But as he began his career as a consulting economist, he began to suspect that something was wrong with the math he was working with. A company that manufactured commercial airlines used a model known as revenue passenger miles to sell their product, and at some point, the model it used to calculate them stopped working. The firm called in Williams to figure out what went wrong. As he bore down into the numbers, Williams claims he found the answer: the numbers hinged on the Gross National Product, and the method by which the government and its partners calculated the GNP was faulty. Williams undid the tweak to GNP, and the model started working again at least until new changes to the GNP "made the underlying data worthless."
Soon, Williams said, he began to realize that there were a number of problems in how the government measured the economy and that he wasn’t alone. He conducted surveys of his colleagues in the National Association of Business Economists, and what he found dismayed him. "What I found in my surveys of the quality of government statistics was that most economists realized they were seriously flawed," he said. "I mean like 70 percent."
Worse, he claims that the more his colleagues knew what they were doing, the less faith they had in the government’s data. "The first time I did the survey, I had the chief economist for a major retail organization filling it out," Williams said. "And he said, ‘You know, I think the retail reports are worthless. I just don’t look at it. But they think the money supply is a good one.’ A second economist said ‘Oh, the money supply is horrible.’ What I found is the people who really understood the numbers they were working with thought there were serious problems."

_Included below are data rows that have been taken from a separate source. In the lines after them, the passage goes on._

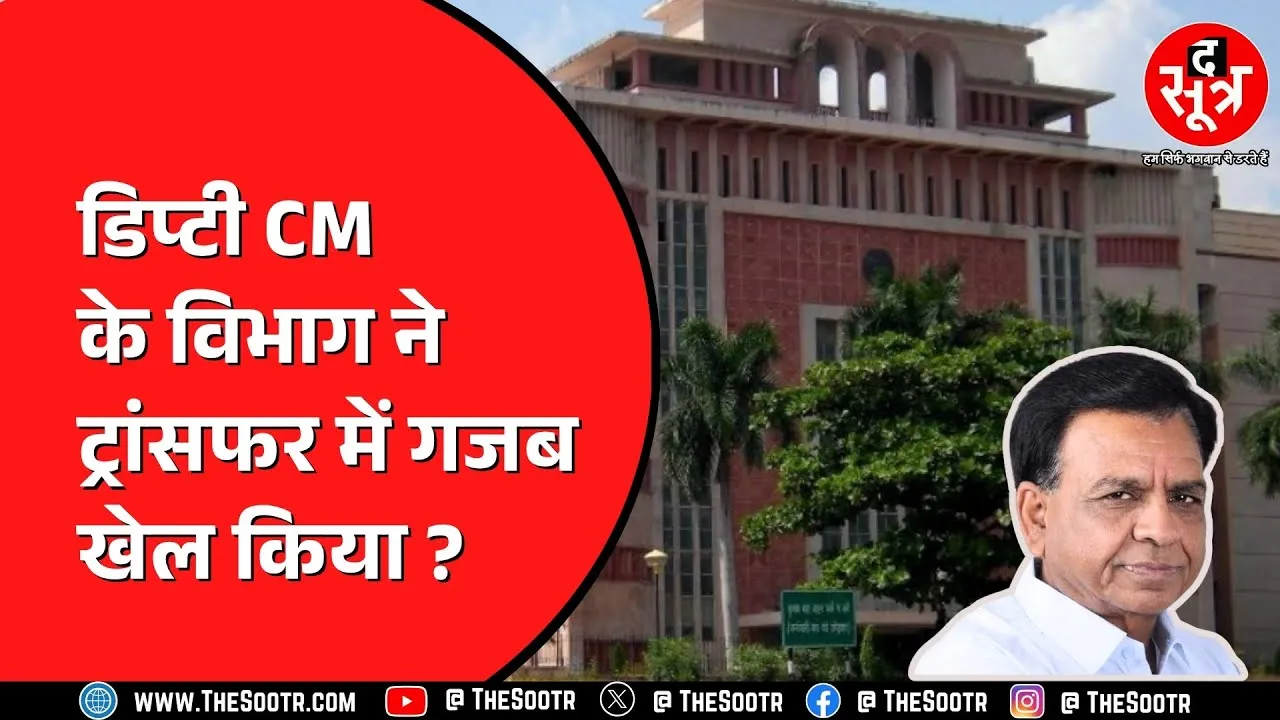 डिप्टी सीएम Jagdish Devda के विभाग में गड़बड़ी | Transfer में कैसा खेल ?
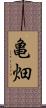 亀畑 Scroll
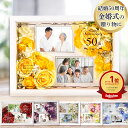 \ランキング1位/金婚式 結婚50周年 フォトフレーム 記念日 お祝い 両親プレゼント 結婚記念日 銀婚式 ルビー婚 サファイア婚 エメラルド 真珠婚 ダイヤモ...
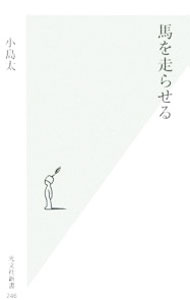 【中古】馬を走らせる / 小島太 (新書)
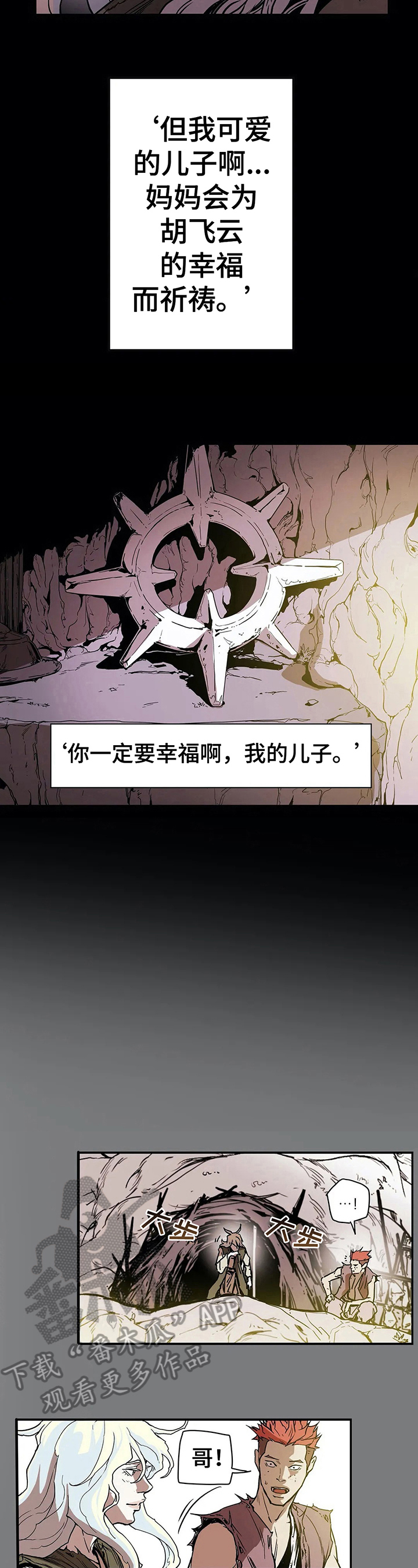 第25话3
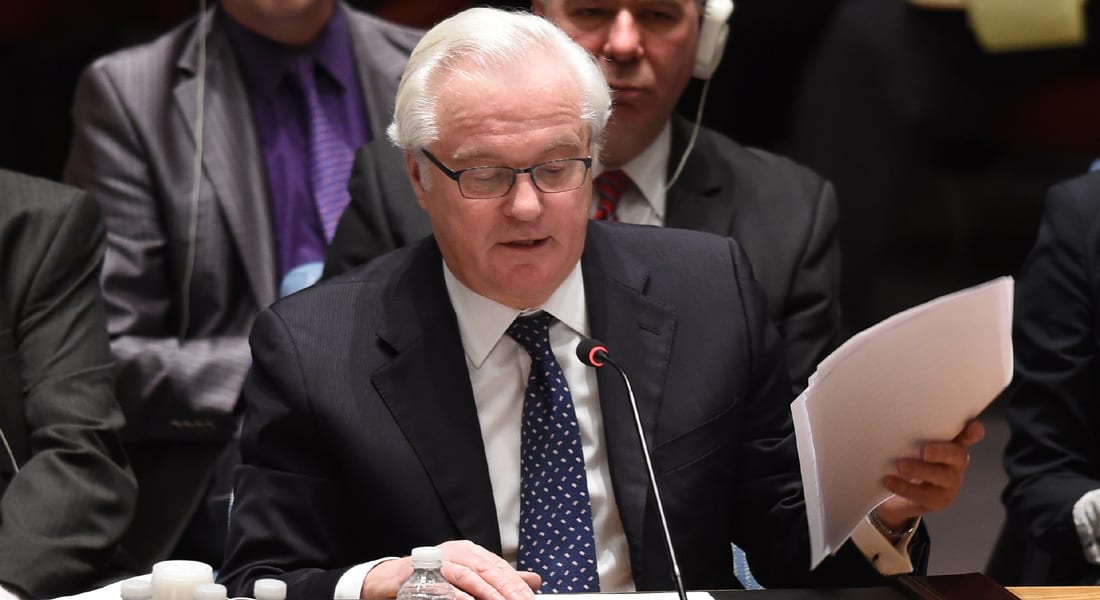 روسيا تدعو لاجتماع طارئ بمجلس الأمن لبحث التصعيد العسكري بأوكرانيا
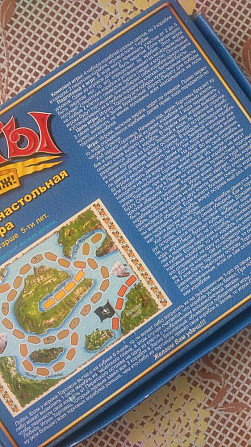 Игра настольная  - изображение 2
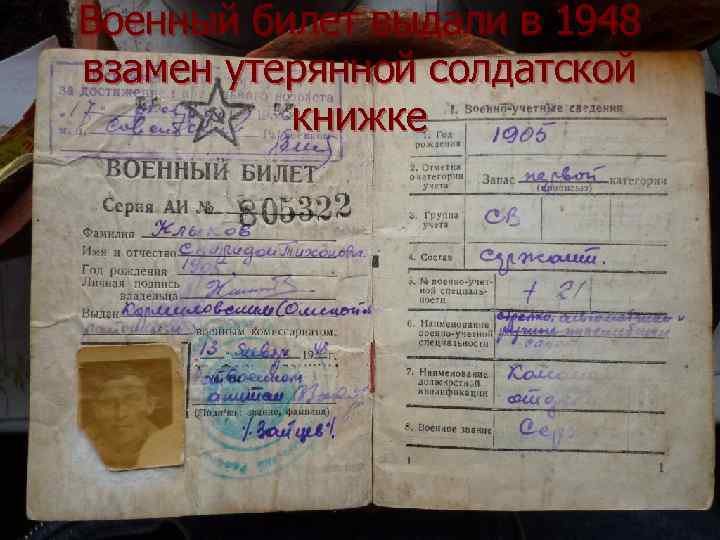 Военный билет выдали в 1948 взамен утерянной солдатской книжке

This hasn’t always been the case, Williams claims; we had a better picture of the economy back in the 1970s, for example. But over time and incrementally, government officials changed the methodology of measuring key economic indicators, painting an ever rosier picture of the economy, which just happened to benefit the incumbent politicians who ran the government. Or as he said in his calm, bland timbre, "Over time there has been a series of methodological shifts in the numbers to tend to create an upside bias in employment and downside in bias in inflation."
Soon, Williams threw himself into "reverse-engineering" the government’s numbers. And as he dedicated himself to this project, he grew more and more specialized; where once his consulting business boasted Fortune 500 clients, now he publishes a web site, ShadowStats.com, and a newsletter, Shadow Government Statistics, for a few thousand subscribers, mostly individual investors. Although his most dedicated followers hail from the armies of Internet goldbugs, mainstream business papers like Barron’s still regularly cite his work as well.
And his work meticulously detailed number-crunching and graphing out raw data examining changes to the method of collecting and assessing the data all points to one grim conclusion: For decades, the economy has been much weaker than we’ve been led to believe, and the hole we’re in now is deep indeed.
According to Williams, the picture of our national economic health is seriously distorted in three key areas: unemployment, inflation, and gross domestic product. The real numbers today, he argues, look like the 1930s. Although economists didn’t start rigorously measuring numbers like unemployment until 1940, the best estimate of nonfarm unemployment during the Depression puts the peak at 34 percent. "We’re not there at this point," Williams said. "But we’re as bad as we’ve been post-World War II." But you wouldn’t know that, he adds, from the official statistics.